Hence we have $n$ independent equations
\[y_{1}(t)'=\lambda_{1}y_{1}(t)+h_{1}(t)\]
\[y_{2}(t)'=\lambda_{2}y_{2}(t)+h_{2}(t)\] \[\vdots\]
\[y_{n}(t)'=\lambda_{n}y_{n}(t)+h_{n}(t).\] Now we solve each
one of these equations separately using integration factors (see
section 2.1 of the textbook). To review, suppose we're solving
the $j$th equation. We write \[y_{j}'-\lambda_{j}y_{j}=h_{j}\]

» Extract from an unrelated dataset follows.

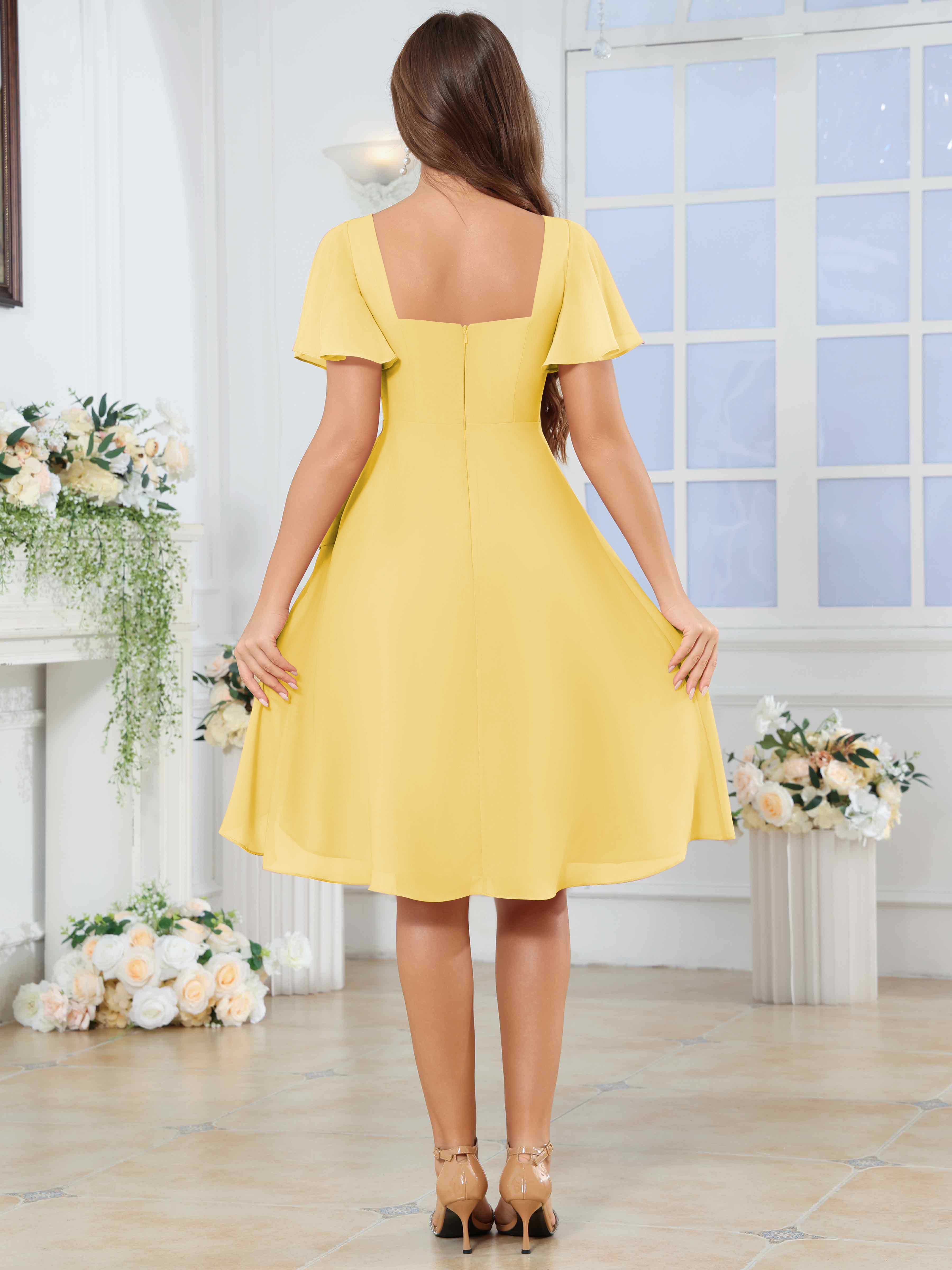ROVDESY Knee Length V-Neck Pleated Chiffon Bridesmaid Dress With Short Sleeves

and multiply both sides by some integration factor (which we
will solve for in a sec) \[\mu y_{j}'-\mu \lambda_{j} y_{j}=\mu
h_{j}.\] Now, we'd like to pick $\mu$ so that the left side is
just $(\mu y_{j})'$, but $(\mu y_{j})'=\mu y_{j}'+\mu'y_{j}$,
hence this and the left side of the above equation are equal if
\[\mu'=-\lambda_{j} \mu,\] i.e. if
\[\mu(t)=e^{-\lambda_{j}(t)}.\] Hence, going back to the earlier
equation, we have \[(\mu y_{j})'=(e^{-\lambda_{j}t}y_{j})'=\mu
h_{j}= e^{-\lambda_{j}t}h_{j},\] and integrating both sides and
multiplying by $e^{\lambda_{j}} t$ gives
\[y_{j}=e^{\lambda_{j}t}\int e^{-\lambda_{j} t}h_{j}.\] Finally,
our particular solution $x$ is $Ty$.
To find the general solution, we take our particular solution
and add the general solution for the homogeneous equation
$x'=Ax$, so if $x'=Ax$ has fundamental solutions
$x^{(1)},...,x^{(n)}$, then the general solution for $x'=Ax+g$
is \[x=\underbrace{c_{1} x^{(1)}+\cdots +
c_{n}x^{(n)}}_{\mbox{homogeneous
solution}}+\underbrace{Ty}_{\mbox{\particular solution}}.\] Note
that there is no constant in front of the particular solution.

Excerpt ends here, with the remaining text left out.